Last week on comp.lang.tcl I was helping someone who claimed to have problems with passing value from an entry widget to a procedure. Initially it seemed to be a problem with scoping, but it turns out his real problem was in needing to create a form with a variable number of input fields. He was struggling with what to use as the target of the -textvariable option and how to reference that in a proc.

Dynamically creating widgets based on a runtime specification — for example, a list of field names from a database — is something Tk does extremely well. I've been doing it so long that the fact that the solution may be non-obvious never occurs to me. The truth is, though, if you're just starting out with Tcl and Tk the solution probably isn't obvious.

However, just because it may not be obvious doesn't mean that it's not very easy to do. Although one can create variables on the fly with ease, the trick is to instead use a global or namespace variable.

The person asking the question in comp.lang.tcl had code that looked roughly like the following code. Where he got stuck was in figuring out what to do for ???, and how to ultimately pass the data entered by the user into the validate procedure.

foreach field $listOfFields {
  frame .frame$field
  label .frame$field.label ...
  entry .frame$field.entry ... -textvariable ???
  bind .frame$field.entry  {validate ???}
  ...
}
proc validate {string} {...}

Using the same value (e.g. -textvariable field) for every iteration of the loop can't work because all entry widgets would end up sharing a single variable. If you use something like $field in the above code you get unique variables for each entry widget (whatever string is stored in the field variable) but then you still have the problem of what to send to the validate command.
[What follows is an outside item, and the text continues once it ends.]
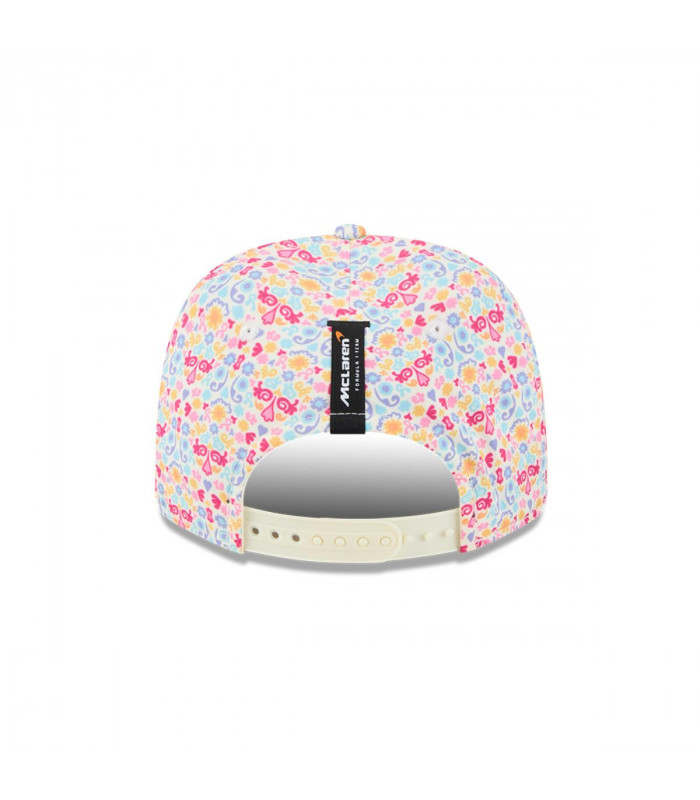 Gorra 9Seventy Mclaren Racing Race Specials White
There is a simple solution, which is to use an array to contain the data for all the fields. You can index the array with the field name, and pass the field name around to other procs. In the specific example coded above, because the validate proc couldn't be rewritten we need to introduce a small helper proc.

The following code shows a complete working example.

set listOfFields [list "Field 1" "Field 2" "Field 3"]
foreach field $listOfFields {
  set f ".frame-$field"
  frame $f
  label $f.label -text "$field:"
  entry $f.entry -textvariable data($field)
  pack $f.label -side left
  pack $f.entry -side left -fill x -expand 1
  bind $f.entry <Return> [list validate_field $field]
  pack $f -side top -fill x
}
proc validate_field {field} {
  variable data
  validate $data($field)
}
proc validate {string} {puts "validate called with string '$string'"}

As you can see, by using arrays we avoid all the unpleasantness of dynamic variable names and the odd quoting that sometimes requires.

Built-in data validation

The entry widget has options for doing input validation which obviates the need to bind on <Return>. This article is more about the technique of using arrays rather than dynamic variable names so I stuck to the coding style of the original example. If you are doing forms that need to do input validation I encourage you to check out the entry widget options "-validate", "-validatecommand" and "-invalidcommand".